Plakat-Aktion

"Kampfradler" sind das neue Feindbild in Berlin

In Mitte und Prenzlauer Berg gibt es ein neues Feindbild: den "Kampfradler". Das verkünden zumindest die Plakate, die überall aushängen. Doch die Aktion stößt bei vielen Anwohnern auf Unverständnis.

Foto: Glanze

Der Feind sieht wohl in etwa so aus wie Thomas Schmidt.

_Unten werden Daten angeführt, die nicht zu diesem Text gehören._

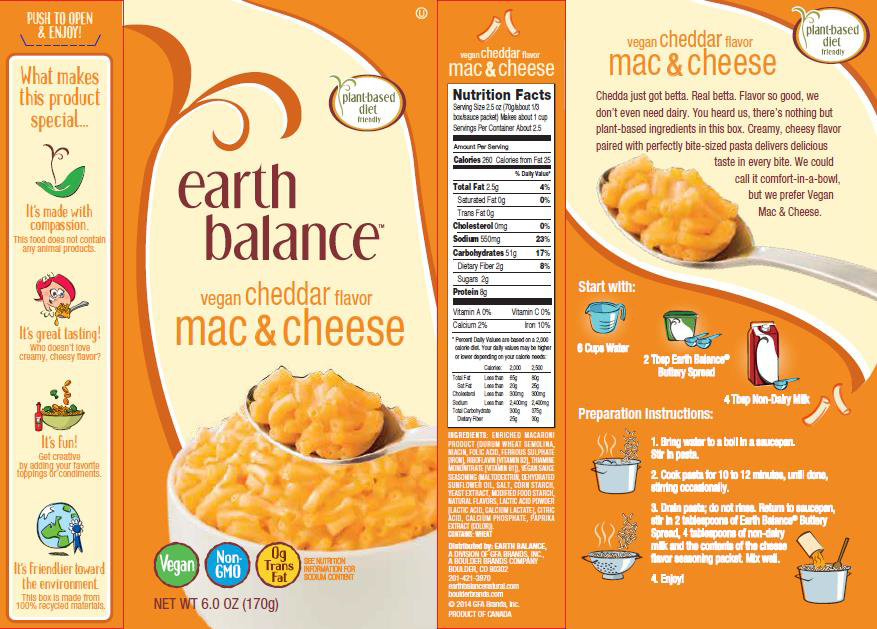 Boulder Brands, Inc. Voluntarily Recalls Earth Balance Vegan White Cheddar Mac & Cheese and Earth Balance Vegan Cheddar Mac & Cheese Due to Possible Dairy Allergen Contamination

Gelbes T-Shirt, Dreitagebart, wuscheliges Haar, leicht abgehetzt. Schließlich ist er Radfahrer und hat es eilig. Mit seinem Fahrrad steht er an der Kastanienallee in Prenzlauer Berg. Seine Gegner attackieren ihn hier ganz offen. Schmidt hält sein Smartphone fest in der Hand, um von „dieser Schweinerei“ ein Foto zu machen. Er meint damit die Plakate, die Stimmung machen sollen. Stimmung gegen Leute wie ihn. Gegen Radfahrer. „Kampf den Kampfradlern“ haben Unbekannte in fetten Lettern auf die Plakate drucken lassen. Darunter das Piktogramm eines Fahrradfahrers. Der Kopf ist eine Handgranate. „Rücksicht statt Vorfahrt“ fordern die Initiatoren, denn Radfahrer sind in ihren Augen offensichtlich eine Gefahr im Verkehr.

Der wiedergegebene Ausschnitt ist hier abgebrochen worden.